ARC150C Path and Subsequence. This problem is super interesting, editorial: https://atcoder.jp/contests/arc150/editorial/4999. There are two sequences $$$A$$$ and $$$B$$$, and an undirected connected graph $$$G=(V(G), E(G))$$$. The problem asks: For every simple path from vertex $$$1$$$ to vertex $$$N$$$, $$$p = (v_1, v_2, ..., v_k);\,v_1=1,\;v_k=N$$$, is $$$B$$$ a (not necessarily contiguous) subsequence of $$$(A_{v_1}, A_{v_2}, ..., A_{v_k})$$$? All sequences are 1-indexed.

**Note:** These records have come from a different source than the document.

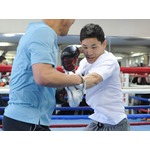 練習する松本　ボクシング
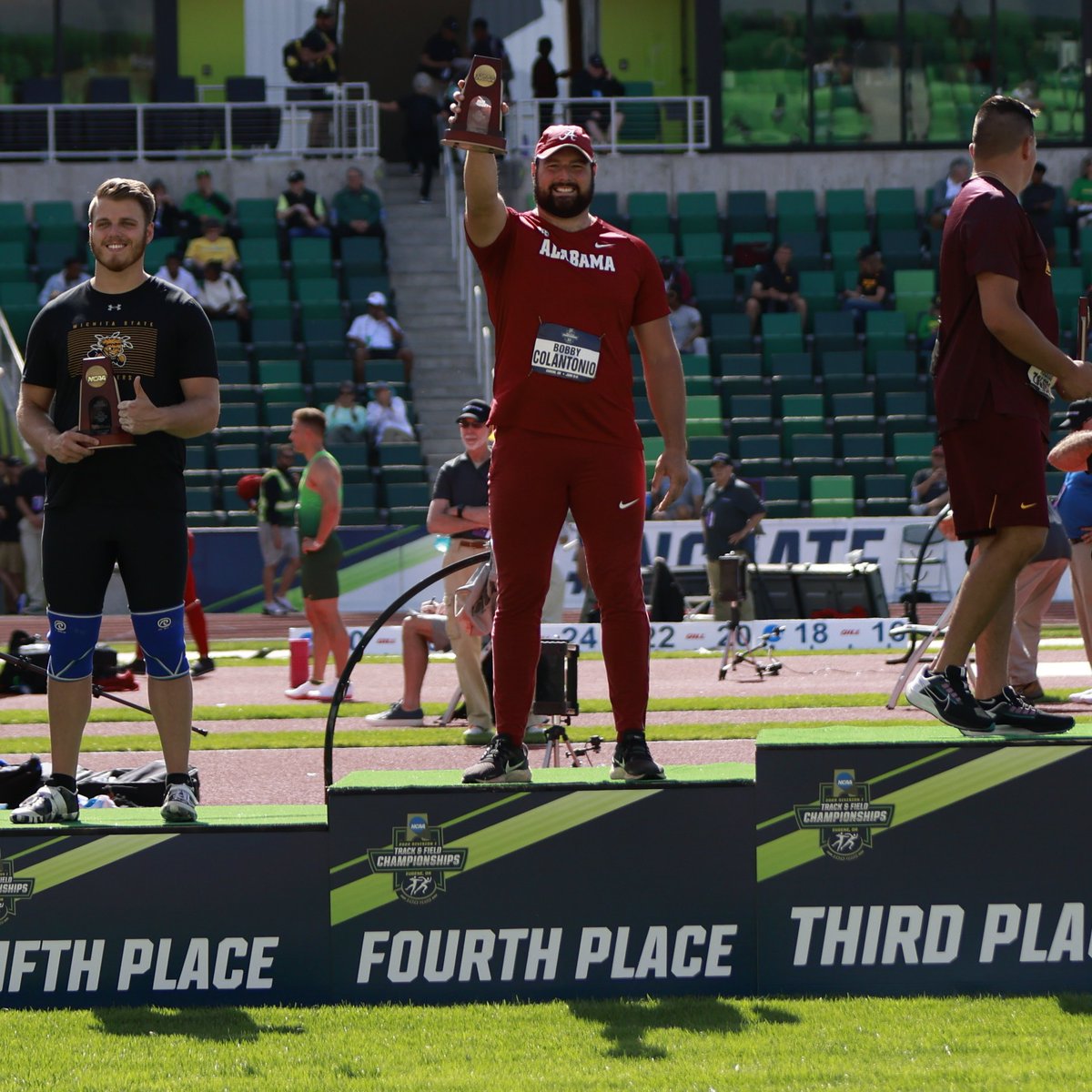 On the podium at the national championships!! 

#NCAATF #BamaThrows #RollTide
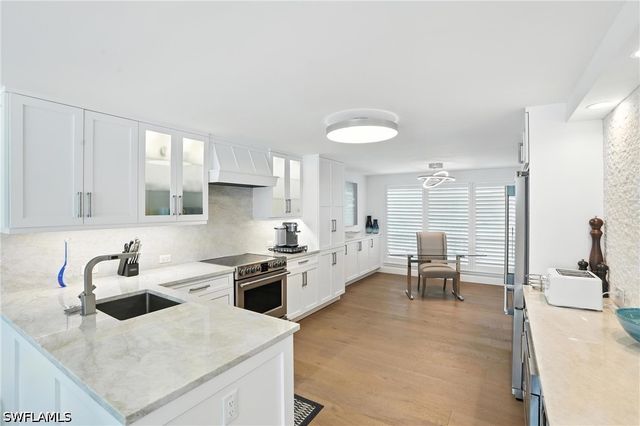 9517 Gulf Shore DR 401, Naples, FL 34108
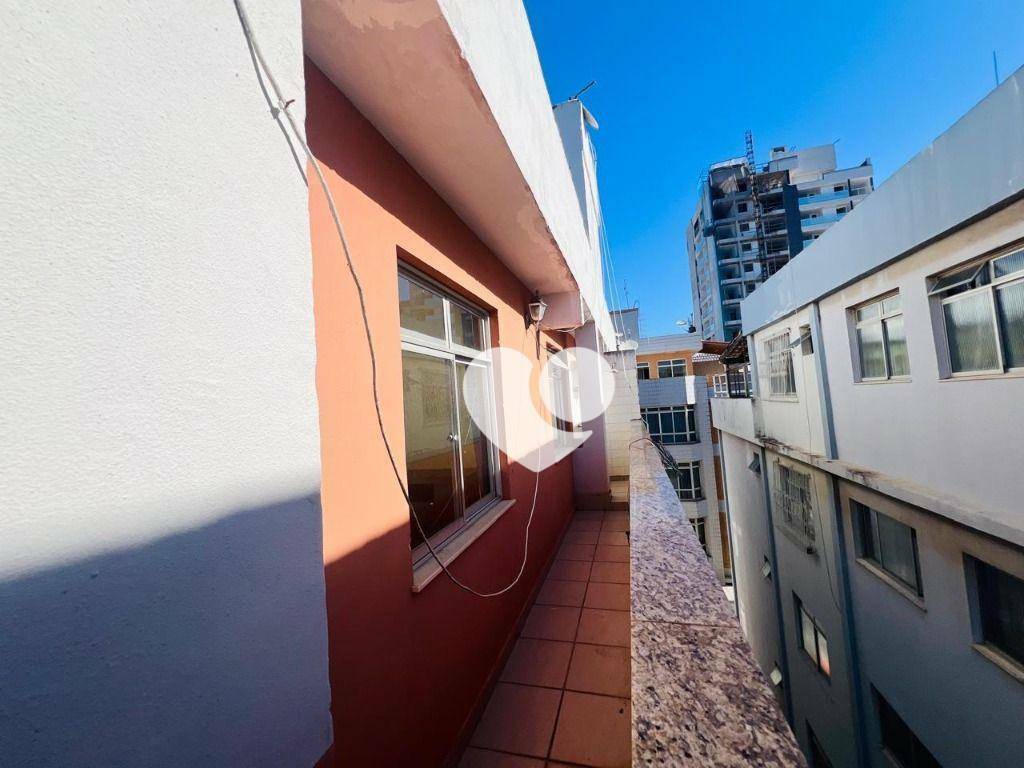 Apartamento à venda com 4 quartos, 228m² - Foto 16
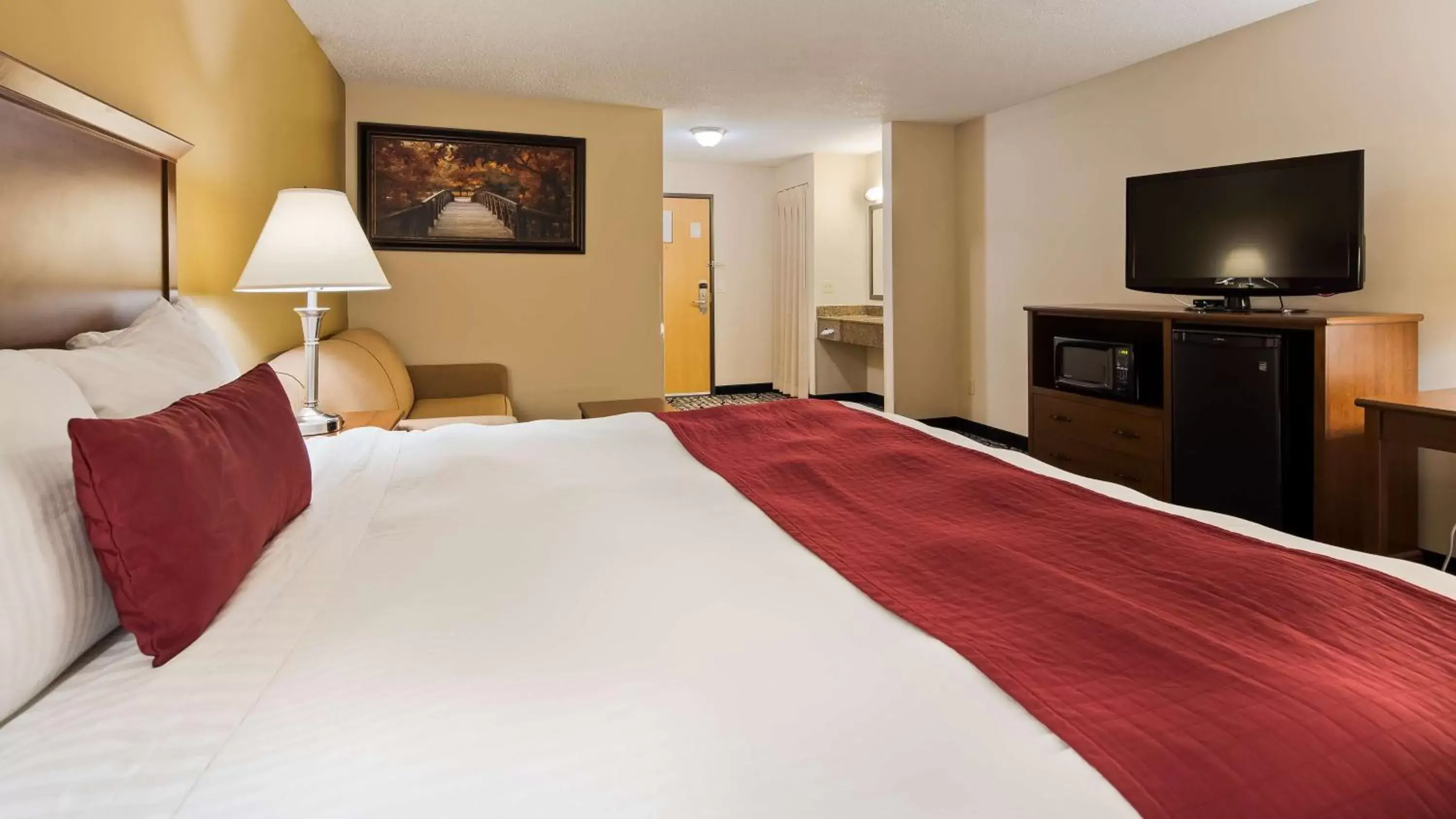 Bed in Best Western Plus Albert Lea I-90/I-35 Hotel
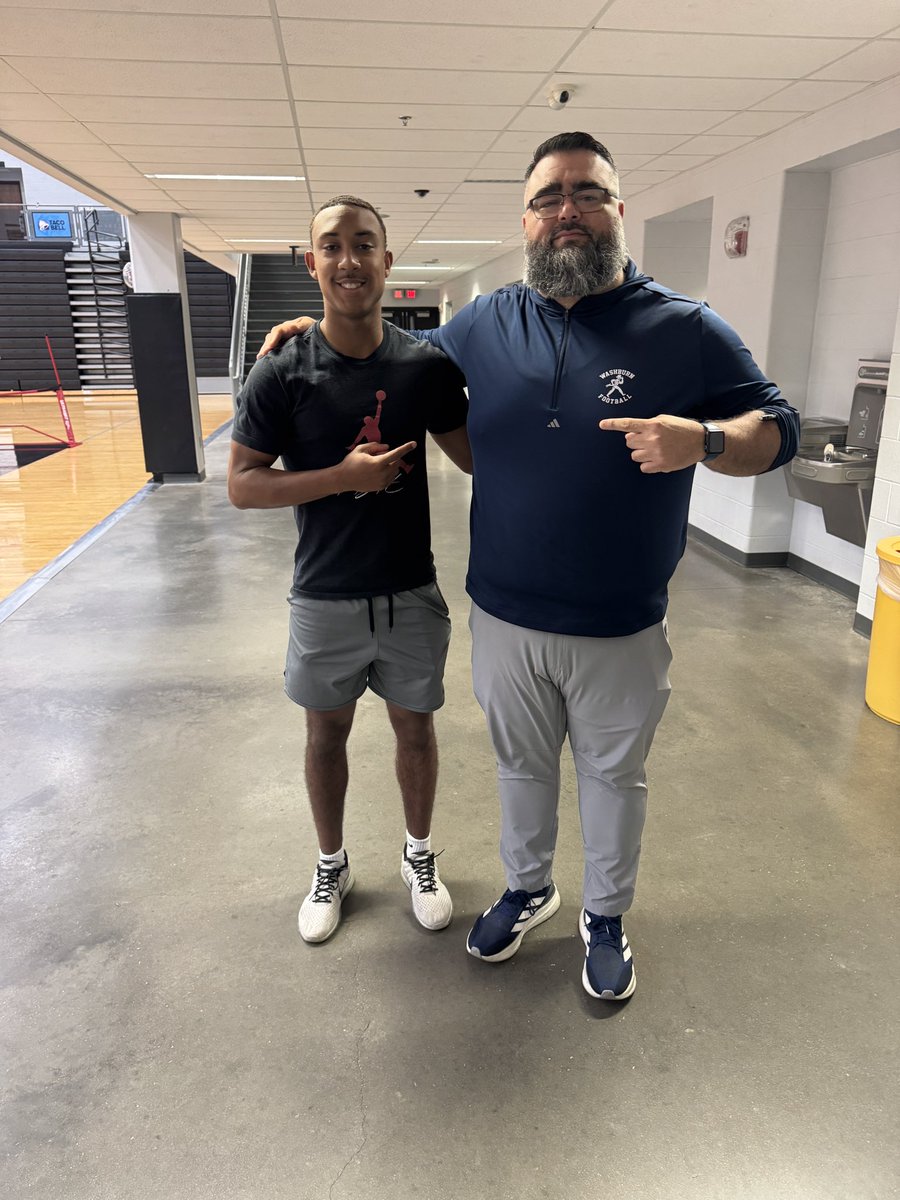 BraylonLies2's tweet photo. Thanks for stopping by! @CoachJulianM @PIAthletes https://t.co/gU7xFYI5sK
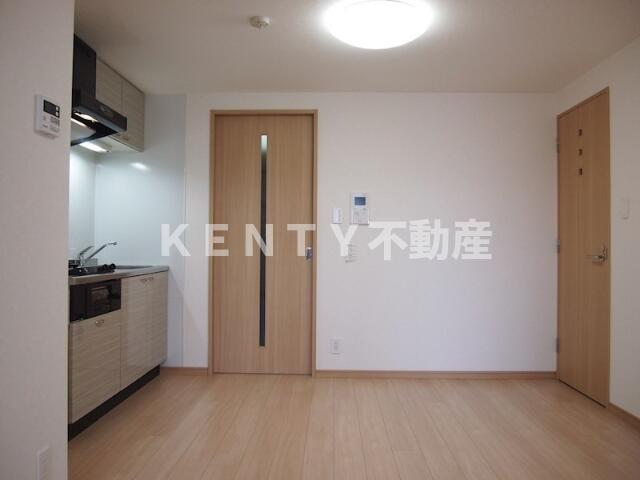 居室・リビング　こちらのリビングで趣味の時間をお楽しみください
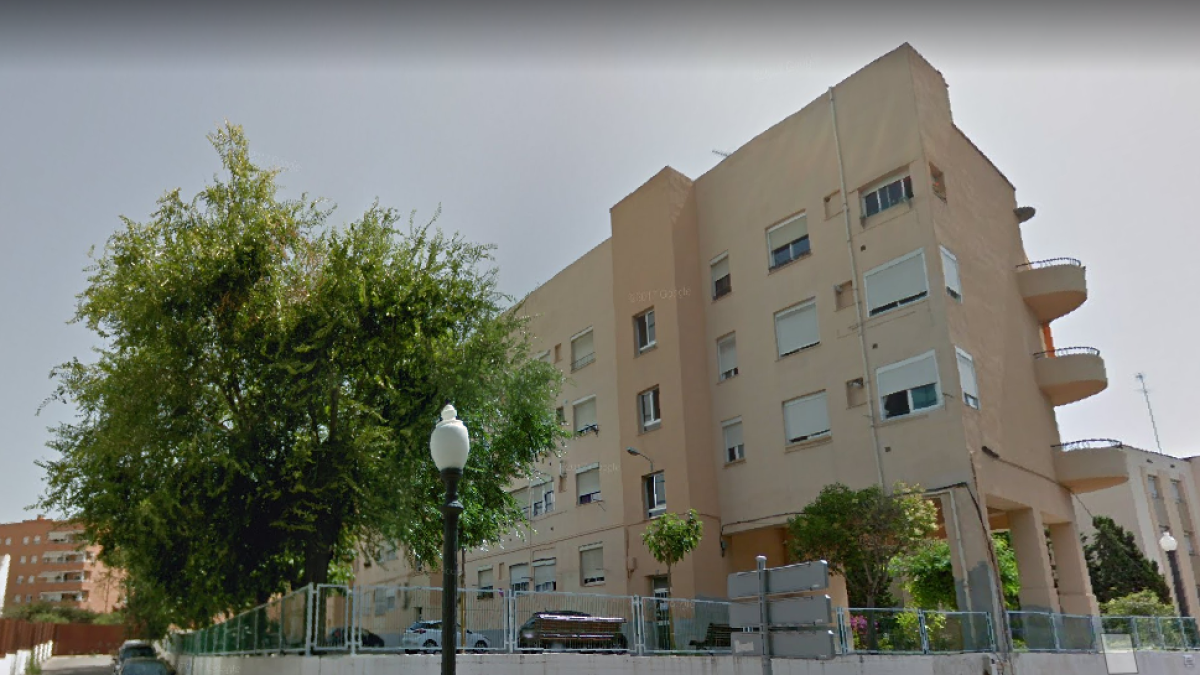 Veïns de la Casa Bloc volen un ascensor perquè la gent gran pugui sortir de casa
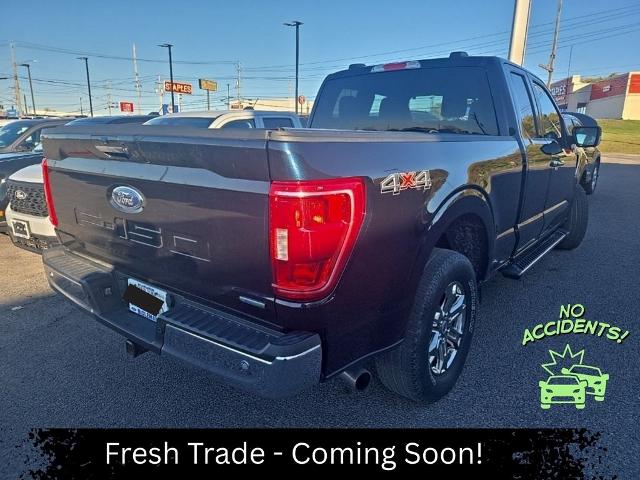 2021 Ford F-150 XLT photo 2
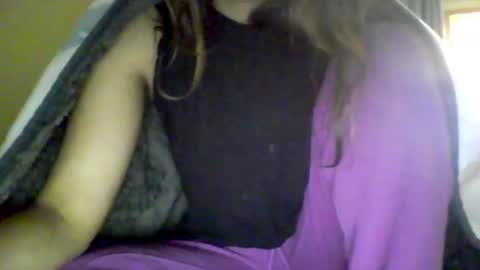 Snapshot of golfprincess chatting on 10-10-25, 03:33 golfprincess online show from 10-10-25, 03:33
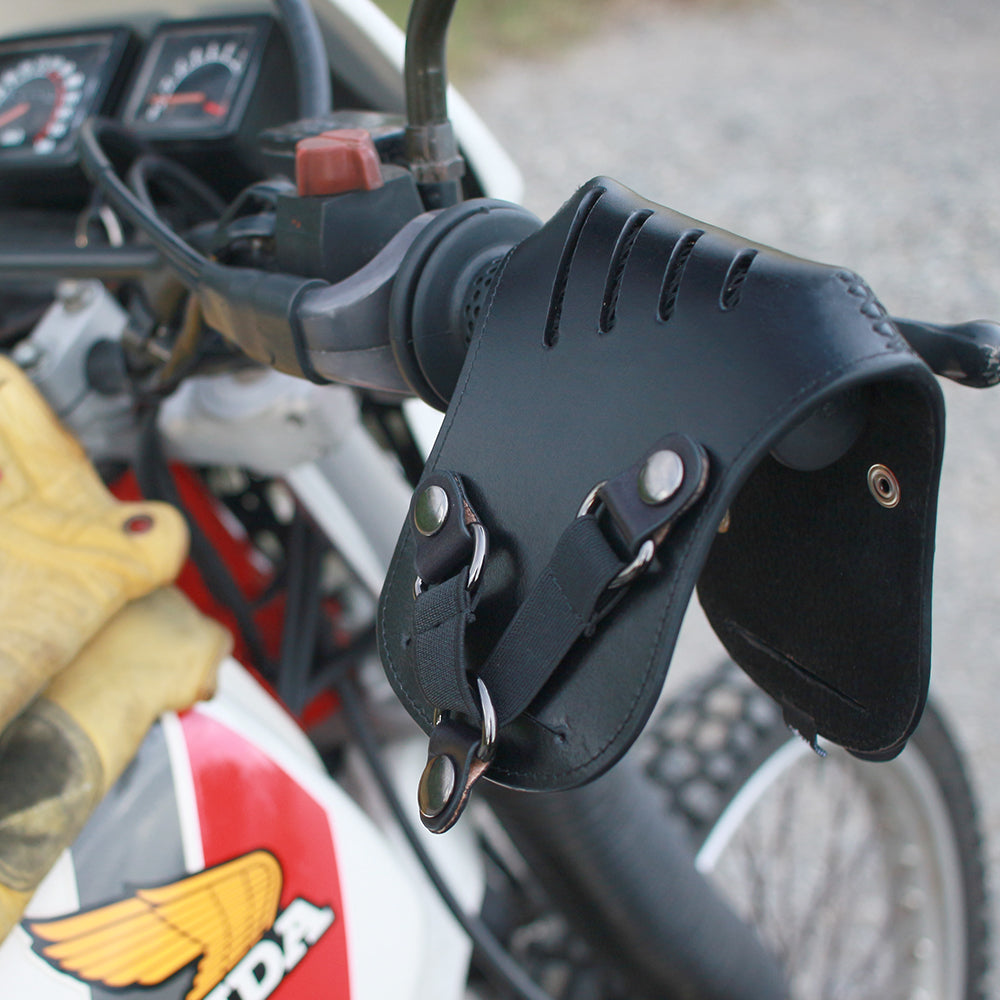 【次回入荷2026年１月】ライダーの顔を格好良く守る！防寒、虫、飛び石避け 本革フェイスマスク Bobber Nose（8スリット） ジェットヘルメット取付 マスク装着が選べる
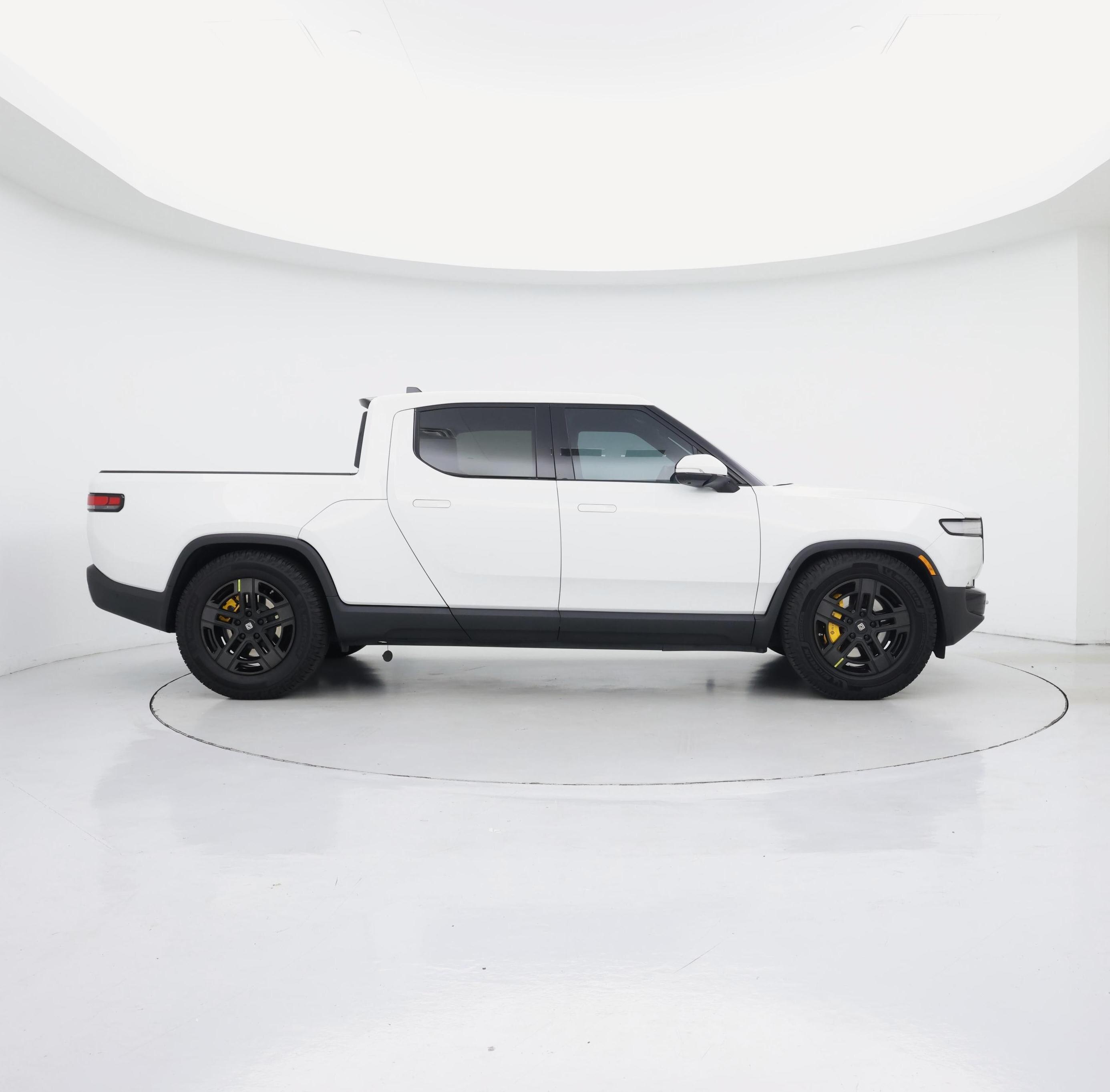 Thumbnail: 2023 Rivian R1T - 7
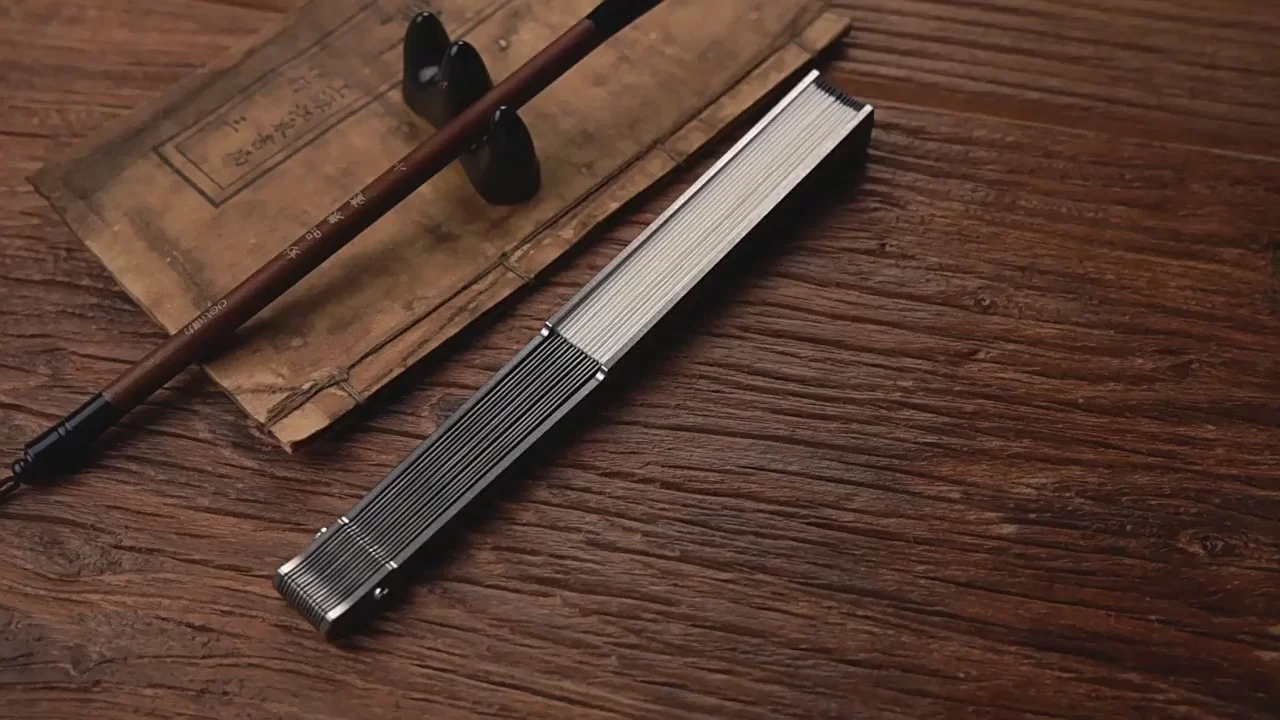 Quat-EDC-Titan-Like-New--3.jpg?v=1769710374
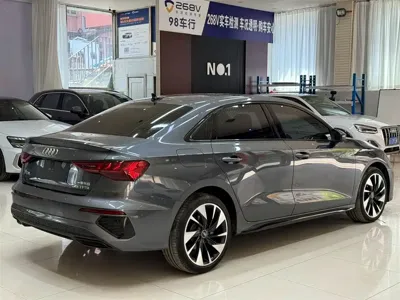 Audi A3 2022, 21000 км, за 26456.23 USD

For every simple path $$$p$$$ (not necessarily starting from $$$1$$$ and ending at $$$n$$$), we define:

A(p) := list(map(lambda x: A_x, p))

$$$f(p) := \max\{j|[B_1, B_2,...,\,B_j] \text{is a subsequence of}\,A(p)\}$$$.

For example,

$$$A = [1, 2, 3, 5, 2], B = [1, 3, 2]$$$. If $$$p = [1, 2, 5]$$$, $$$A(p) = [A[1], A[2], A[5]] = [1, 2, 2]$$$, $$$f(p)=1$$$, because only the first $$$1$$$ elements of $$$B$$$ ($$$[1]$$$) is a subsequence of $$$A(p)$$$. If $$$p = [1, 2, 3, 4, 5]$$$, $$$A(p) = [A[1], A[2], A[3], A[4], A[5]] = [1, 2, 3, 5, 2]$$$ and $$$f(p) = 3$$$, because the first $$$3$$$ elements of $$$B$$$ ($$$[1, 3, 2]$$$) is a subsequence of $$$A(p)$$$. Does such $$$f$$$ satisfy the three properties? For the first property, we need to correctly initialize $$$f({1}) := [A[1] = B[1]]$$$. Second, the extension property obviously holds. Third, for the dp property, if $$$p_1 = p + [u]$$$:

Therefore, if $$$p$$$ and $$$q$$$ are simple paths with same the same ending, and $$$f(p) > f(q)$$$, we must have $$$f(p + [u]) \geq f(q + [u])$$$. That is because adding one vertex could increase $$$f(q)$$$ at most $$$1$$$. If $$$f(p) = f(q)$$$, Then $$$f(p + [u]) = f(q + [u])$$$. That is because, whether $$$f(p_1)$$$ ($$$f(q_1)$$$) is $$$f(p)$$$ or $$$f(p)+1$$$ ($$$f(q)$$$ or $$$f(q)+1$$$) depends only on $$$A_u$$$ and $$$B_{f(p)+1}$$$, which are the same for $$$p$$$ and $$$q$$$. Therefore, the dp property holds.

You can solve this problem using dij in $$$O(|V(G)| + |E(G)|)$$$.

--- Update: Fix some typos. I do not intentionally occupy the "Recent actions" column.